(Entries taken from a collection)
+--

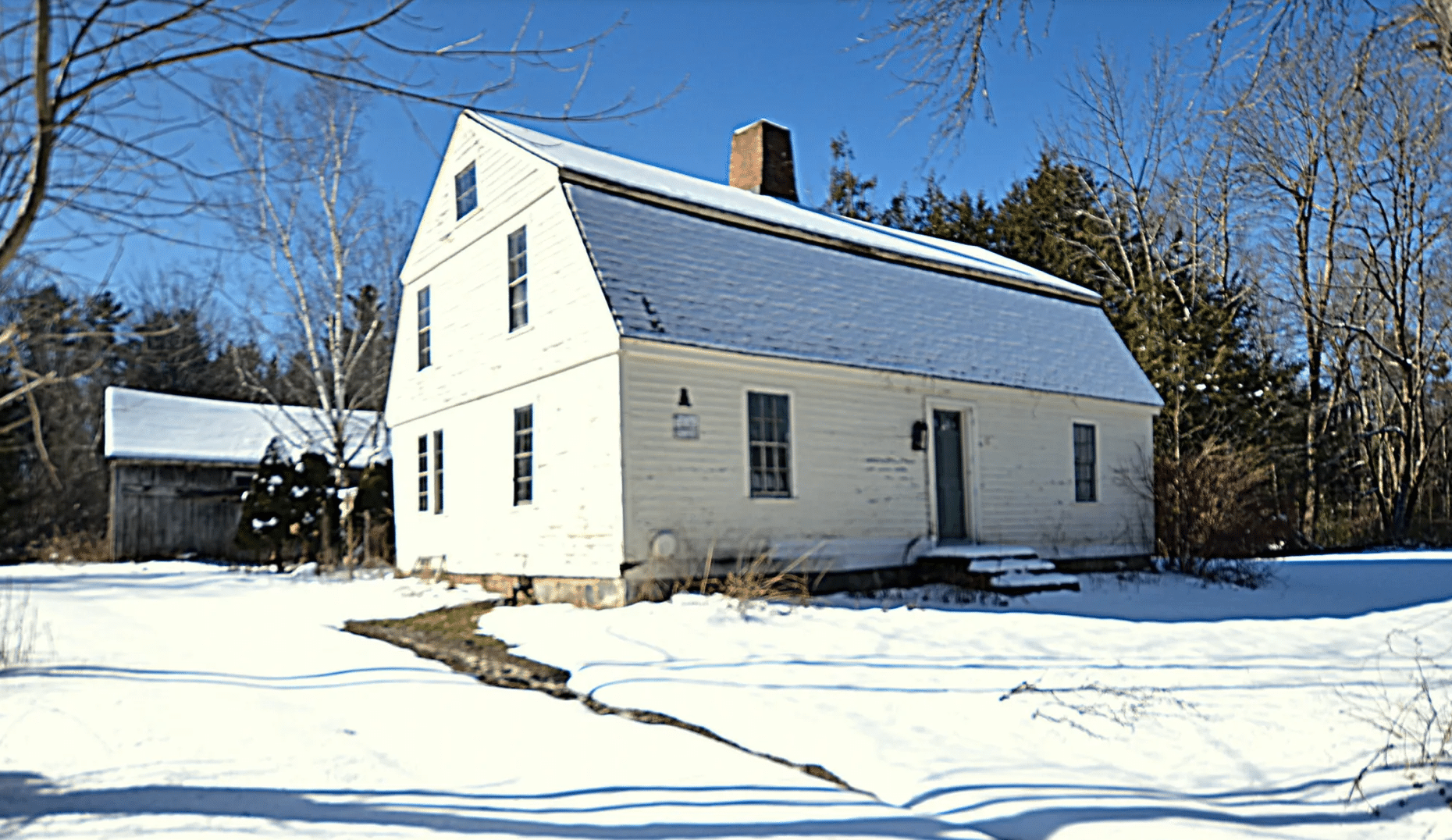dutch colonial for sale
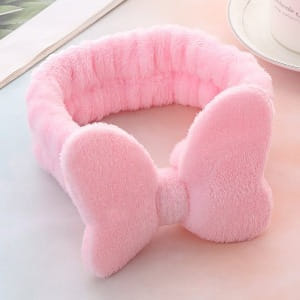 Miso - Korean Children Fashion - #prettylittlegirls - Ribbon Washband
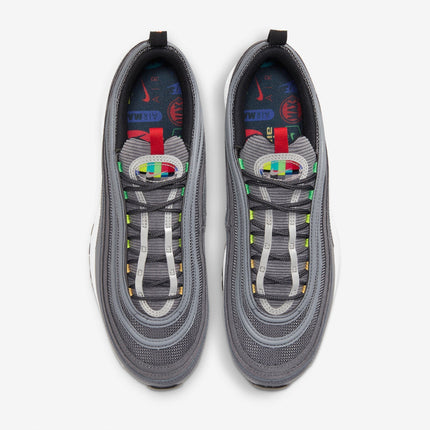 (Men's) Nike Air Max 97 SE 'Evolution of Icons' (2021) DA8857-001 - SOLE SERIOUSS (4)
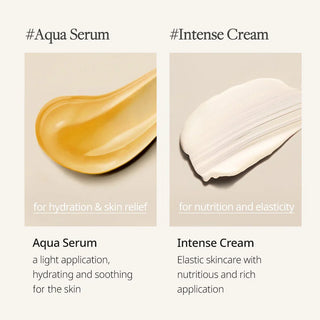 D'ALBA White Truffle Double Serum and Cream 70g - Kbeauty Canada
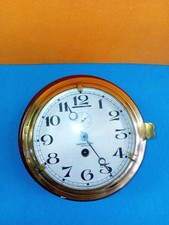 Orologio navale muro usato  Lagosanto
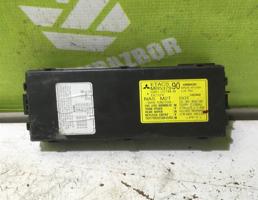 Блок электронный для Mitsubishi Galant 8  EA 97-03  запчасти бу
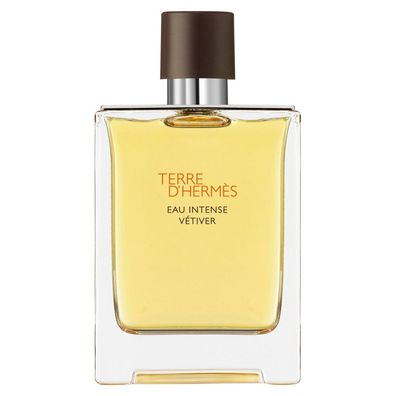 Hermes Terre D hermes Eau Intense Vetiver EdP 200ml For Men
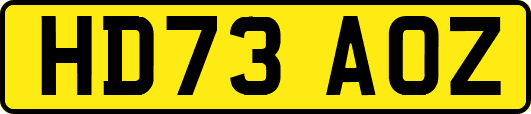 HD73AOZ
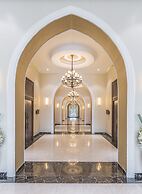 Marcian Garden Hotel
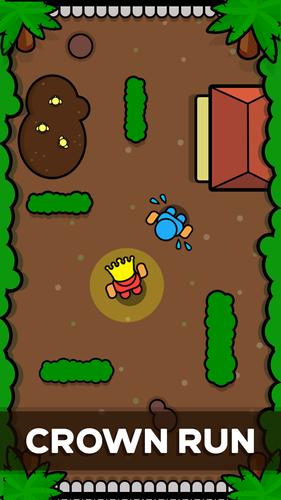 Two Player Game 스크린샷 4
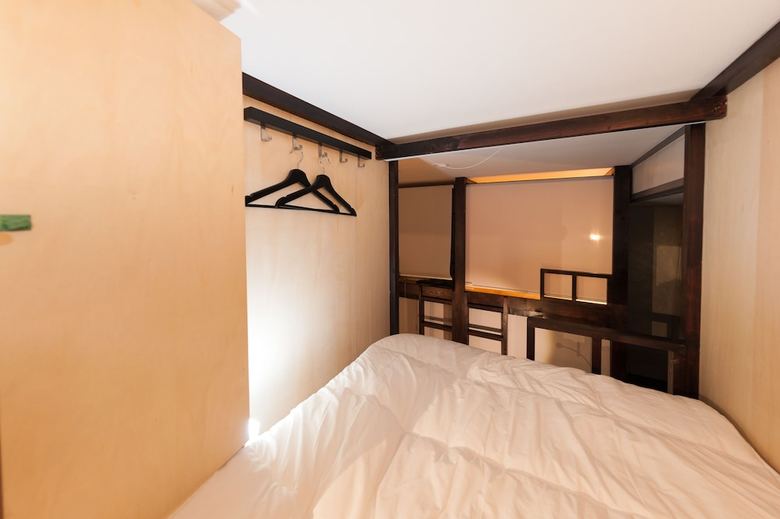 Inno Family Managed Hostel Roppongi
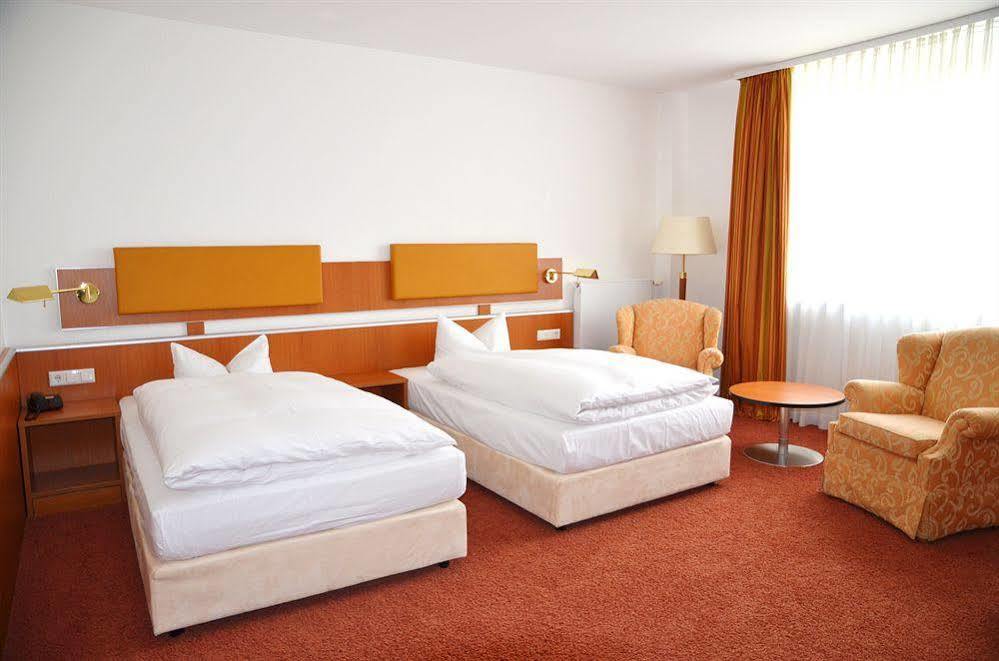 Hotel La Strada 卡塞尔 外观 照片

+--

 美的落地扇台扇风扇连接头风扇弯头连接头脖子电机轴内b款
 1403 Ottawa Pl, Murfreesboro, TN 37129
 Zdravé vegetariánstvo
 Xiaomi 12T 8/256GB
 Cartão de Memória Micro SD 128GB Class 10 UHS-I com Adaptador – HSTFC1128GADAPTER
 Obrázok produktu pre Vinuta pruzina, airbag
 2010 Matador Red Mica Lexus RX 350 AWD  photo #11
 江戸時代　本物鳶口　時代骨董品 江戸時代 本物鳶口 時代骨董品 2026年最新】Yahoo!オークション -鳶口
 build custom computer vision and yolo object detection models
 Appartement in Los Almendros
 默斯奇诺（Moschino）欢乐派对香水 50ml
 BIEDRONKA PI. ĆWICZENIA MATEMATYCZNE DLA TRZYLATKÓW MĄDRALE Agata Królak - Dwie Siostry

+--

Return only the stretch above from the line containing "dutch colonial for sale" through the line containing "D'ALBA White Truffle", word for word and without pictures.

• ANSWER TO THIS EXERCISE:
dutch colonial for sale
 Miso - Korean Children Fashion - #prettylittlegirls - Ribbon Washband
 (Men's) Nike Air Max 97 SE 'Evolution of Icons' (2021) DA8857-001 - SOLE SERIOUSS (4)
 D'ALBA White Truffle Double Serum and Cream 70g - Kbeauty Canada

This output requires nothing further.